::: DATA SUPPLIED :::

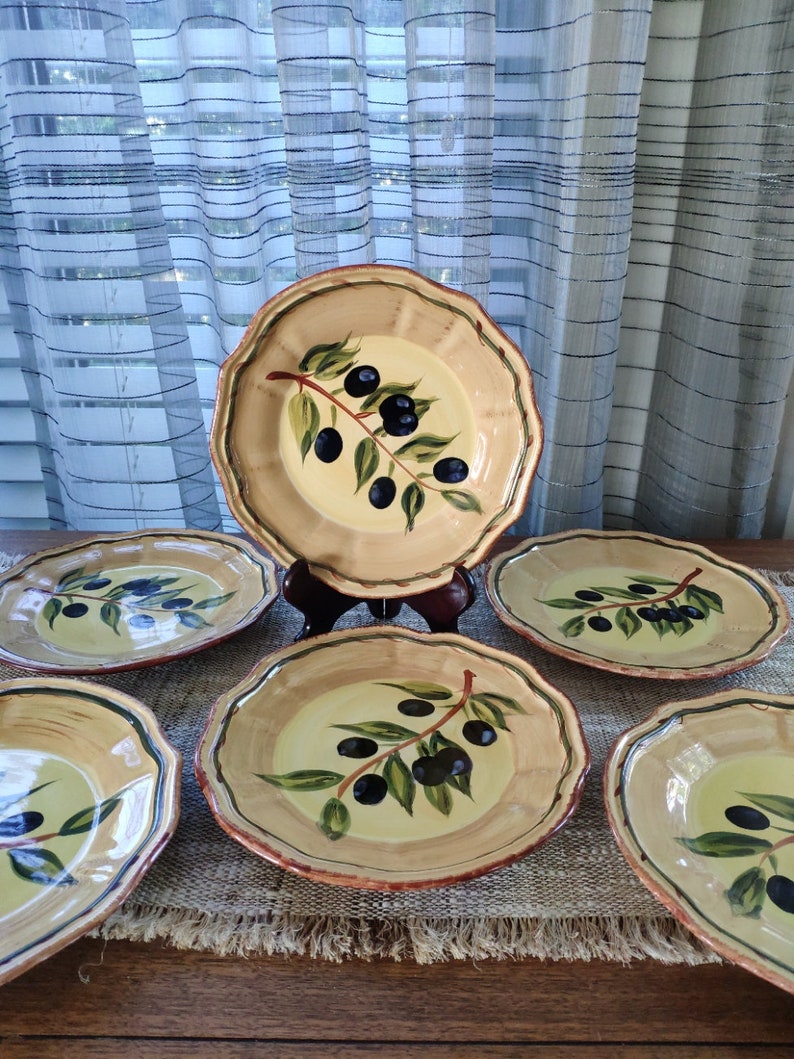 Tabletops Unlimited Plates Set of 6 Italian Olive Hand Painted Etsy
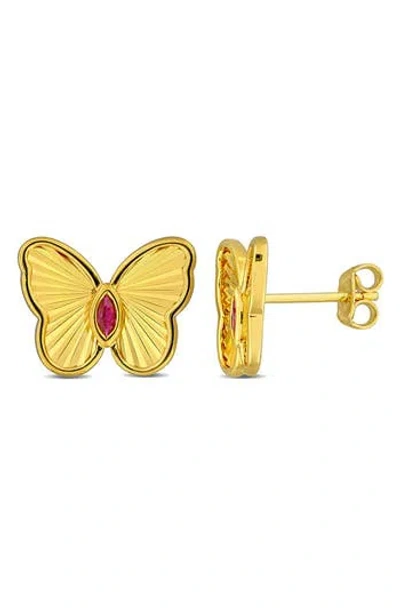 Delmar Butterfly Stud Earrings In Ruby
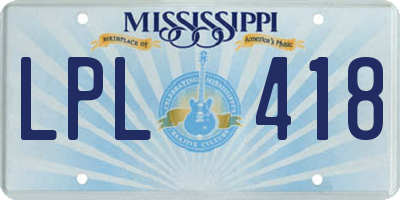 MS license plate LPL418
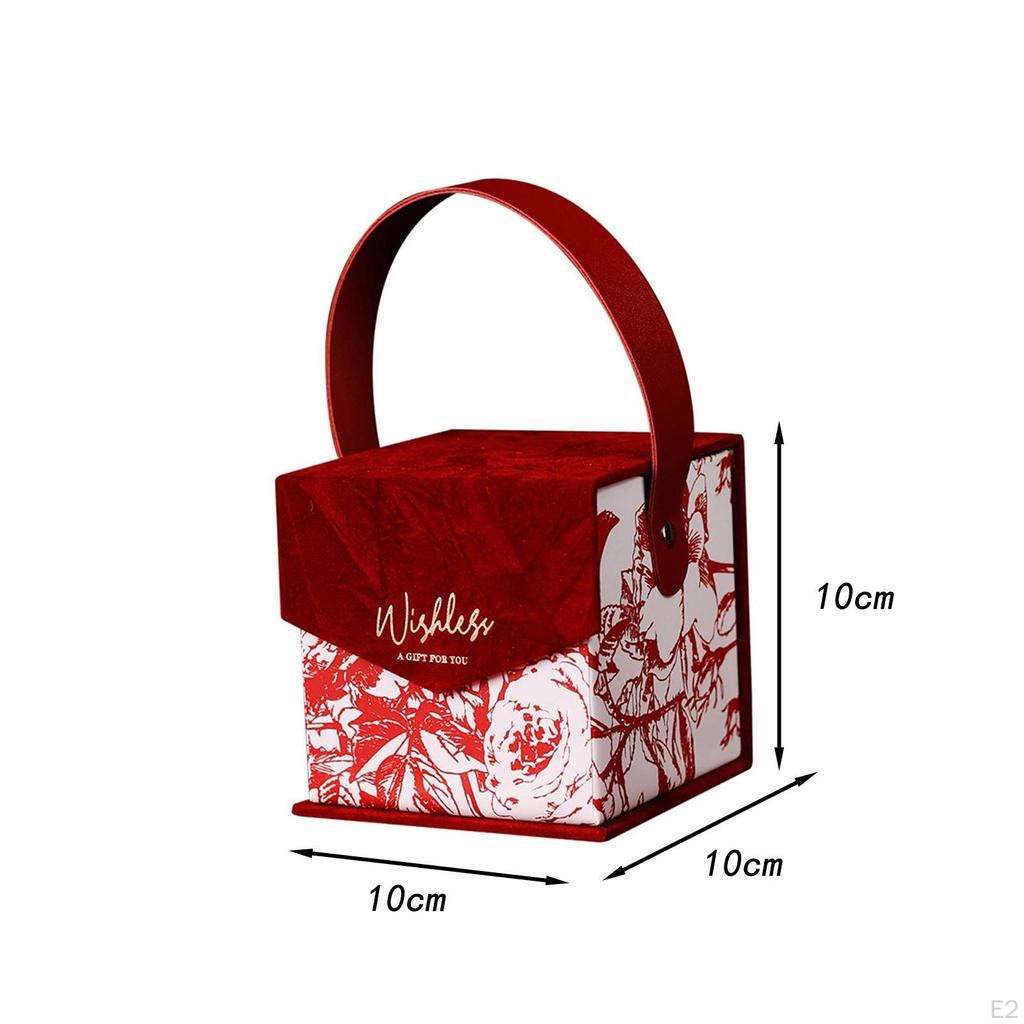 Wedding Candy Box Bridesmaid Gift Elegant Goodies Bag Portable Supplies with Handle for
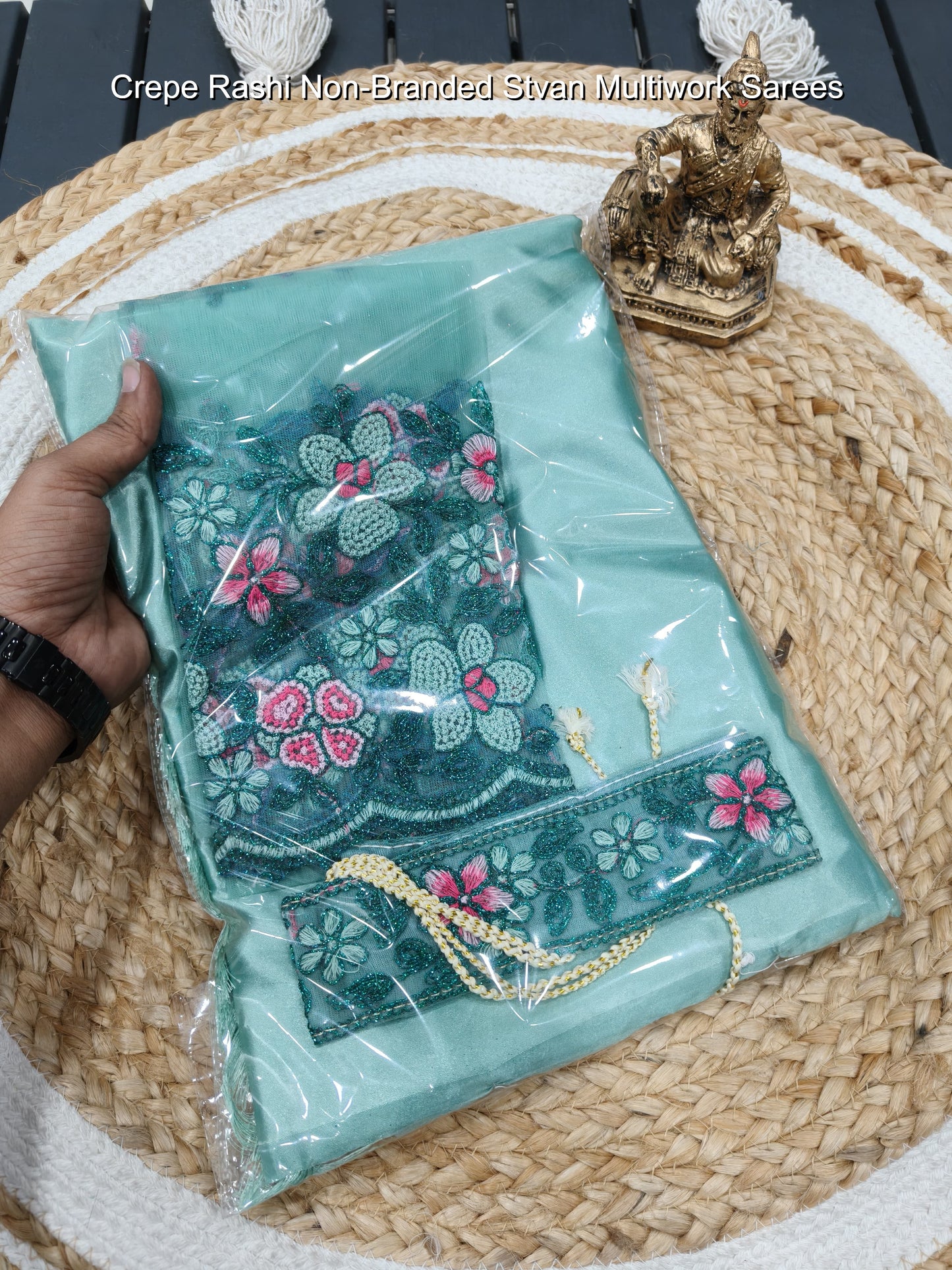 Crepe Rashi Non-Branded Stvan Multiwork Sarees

:::
::: DATA SUPPLIED :::

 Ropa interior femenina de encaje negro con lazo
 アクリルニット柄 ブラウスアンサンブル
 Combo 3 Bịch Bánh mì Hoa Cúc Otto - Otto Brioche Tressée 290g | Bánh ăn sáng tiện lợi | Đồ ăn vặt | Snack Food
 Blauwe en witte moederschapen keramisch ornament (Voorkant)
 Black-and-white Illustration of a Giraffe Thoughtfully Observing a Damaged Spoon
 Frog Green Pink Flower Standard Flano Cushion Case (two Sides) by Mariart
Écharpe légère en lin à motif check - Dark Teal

:::
::: DATA SUPPLIED :::

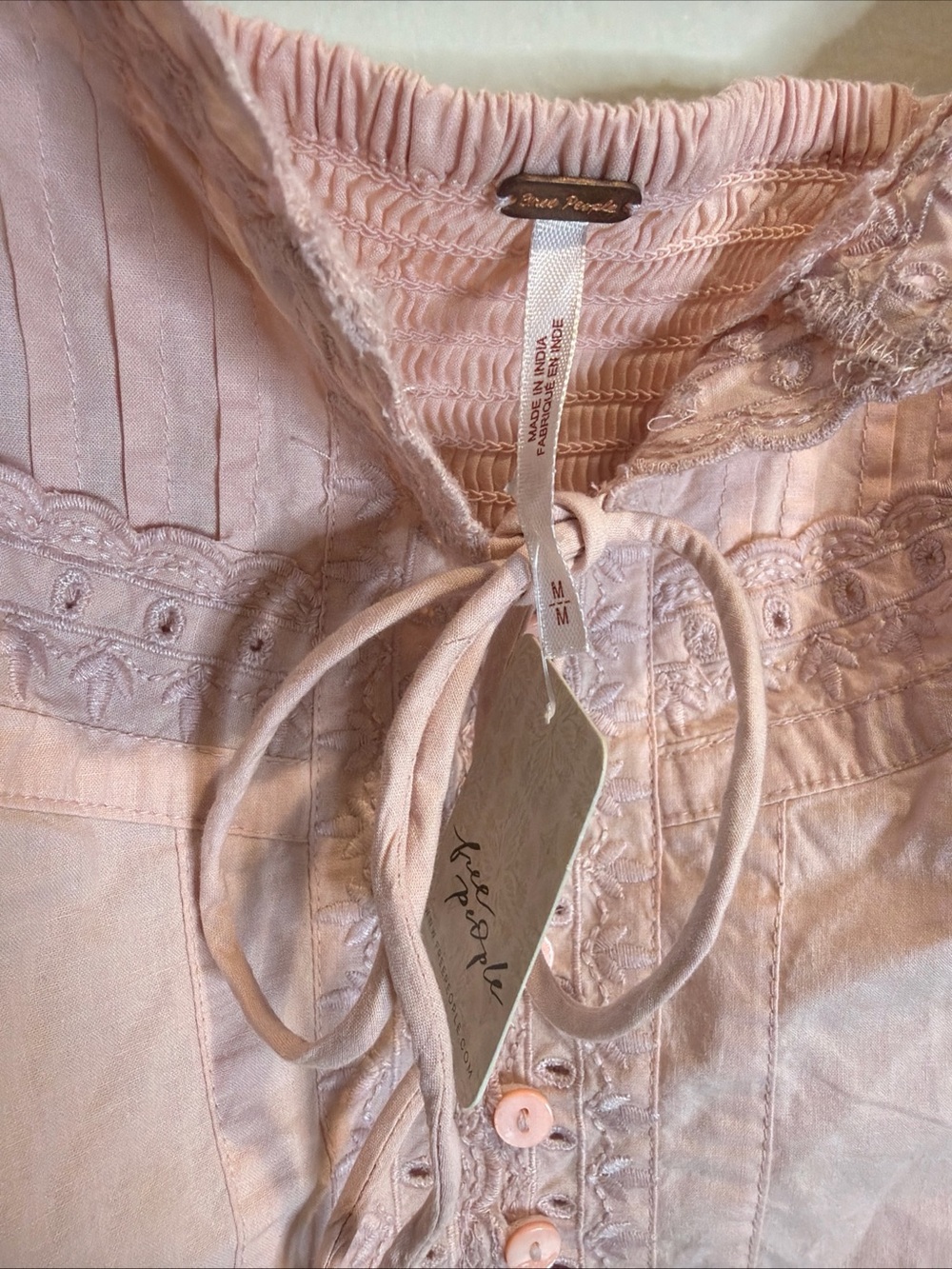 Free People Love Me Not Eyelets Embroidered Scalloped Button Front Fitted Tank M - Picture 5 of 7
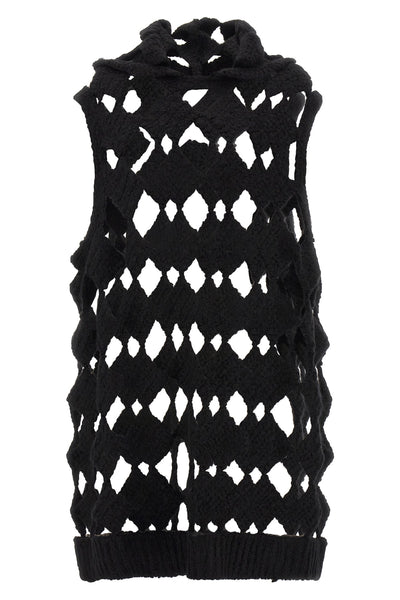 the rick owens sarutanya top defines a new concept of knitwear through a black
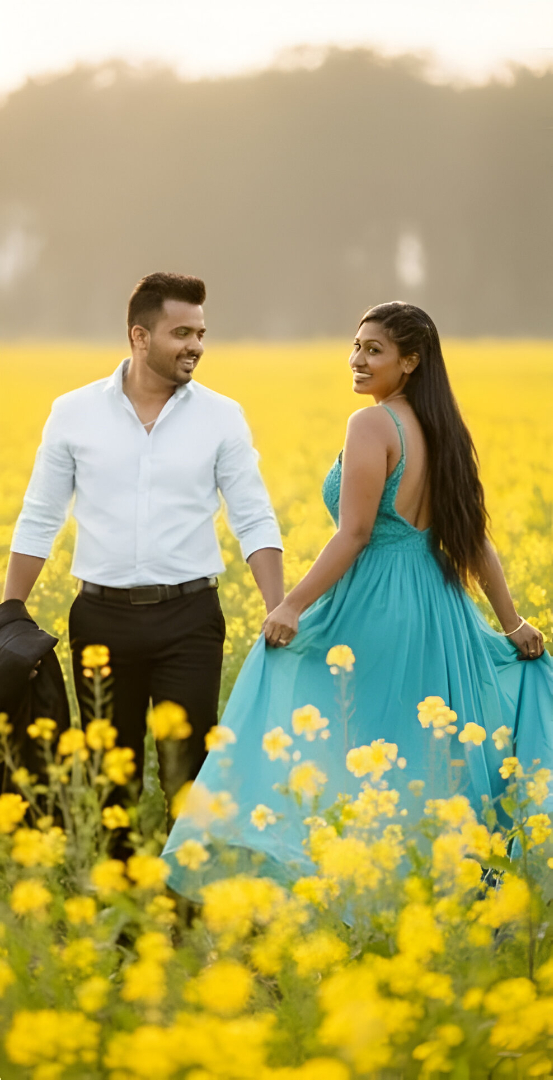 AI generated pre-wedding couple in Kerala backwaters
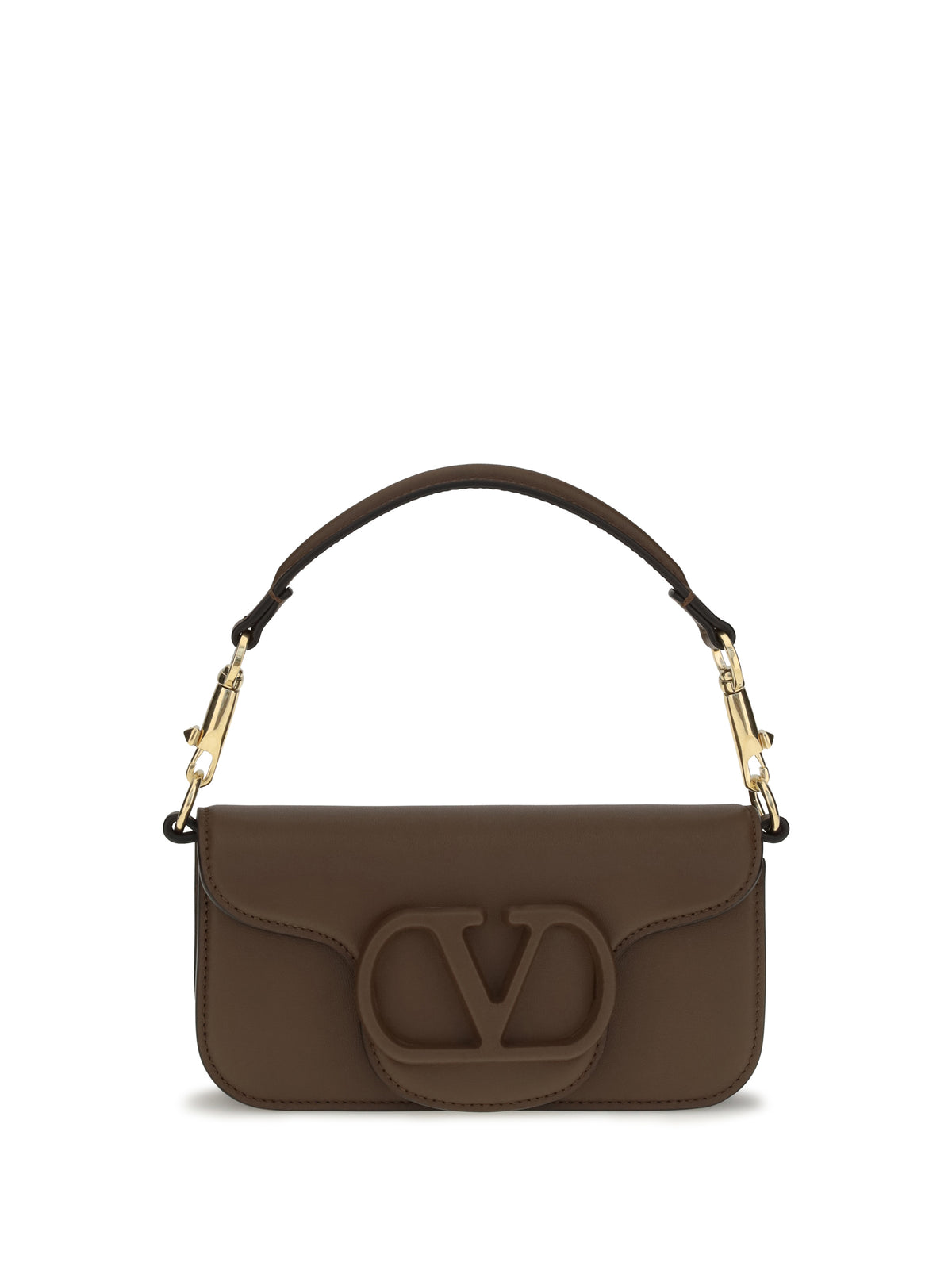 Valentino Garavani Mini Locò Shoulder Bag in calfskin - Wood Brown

:::

Take only the lines above from the one that has "MS license plate LPL418" through the one that has "Crepe Rashi Non-Branded" and reproduce them exactly, omitting any pictures.

WRITTEN ANSWER
 MS license plate LPL418
 Wedding Candy Box Bridesmaid Gift Elegant Goodies Bag Portable Supplies with Handle for
 Crepe Rashi Non-Branded Stvan Multiwork Sarees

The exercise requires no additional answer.